Some of the problems have nothing to do with software skill; you notice a lack of polish in the way things are handled and want a greater level of professionalism. You’d like customer service improved.
So how do you go about setting up a training program to address these diverse needs?
The job of setting up training is usually handed over to the HR department. Someone in HR tries to arrange classes they can “sell” to the boss and then the employees. The boss groans about the cost. The employees groan about the time these classes will consume. HR groans about the logistics of getting enough people together at the same time to “fill” a class. The whole mess usually yields weak results because the goal gets misplaced in the process. 
HR, having the task of setting up training focuses on that as the objective. They must set up training sessions. The goal shifts from the myriad of minor tunings that would greatly enhance the whole of the business to the goal of filling the classes. There’s “mission drift” that happens as the task of arranging training becomes more and more expensive and cumbersome. HR will want to just get it scheduled and you can’t blame them.
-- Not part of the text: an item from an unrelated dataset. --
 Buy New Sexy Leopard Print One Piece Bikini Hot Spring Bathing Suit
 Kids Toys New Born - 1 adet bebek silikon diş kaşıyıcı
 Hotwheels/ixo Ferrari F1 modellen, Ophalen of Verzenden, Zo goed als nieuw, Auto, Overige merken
High quality training can be fruitful and cost-effective if properly planned. You must start with a needs assessment. Supervisors should make a list of items they would like to see improved in individual employees. The employees should make a list of things they would like to learn. The lists should be reviewed and given to the trainer. A good trainer will be able to build group sessions where appropriate and plan private training for quick tip sessions. Flexibility is the key to success and cost savings. Having a trainer on-site for a week rather than a day will give plenty of time to work through new skills and give follow-up. Your people will get to know, and therefore, open up to the trainer. Once the trust is established, the employees are more willing to reveal what they do not know.
This requires a great trainer. [Okay, there’s a hint to call me] This approach, of mixing group and private time, is very effective both in terms of what “sticks” and total cost. A large group class can cost between $4,000-$10,000. The classes lean toward the higher costs when subjects such as improving customer service or better email communication are added to the mix. A diverse and experienced trainer can give you a week of service for that amount of money. Because so much of the training by a great trainer is provided on a one-to-one basis, there is little or no scheduling nightmare.
One last important point about training. Training is a process, not an event. You must allow for follow-up sessions at 30, 90 and 180 days after the initial training. The trainer can circulate and follow through for a day or two without the need to schedule any big sessions. Training dollars are wasted if you don’t see training as a continual process.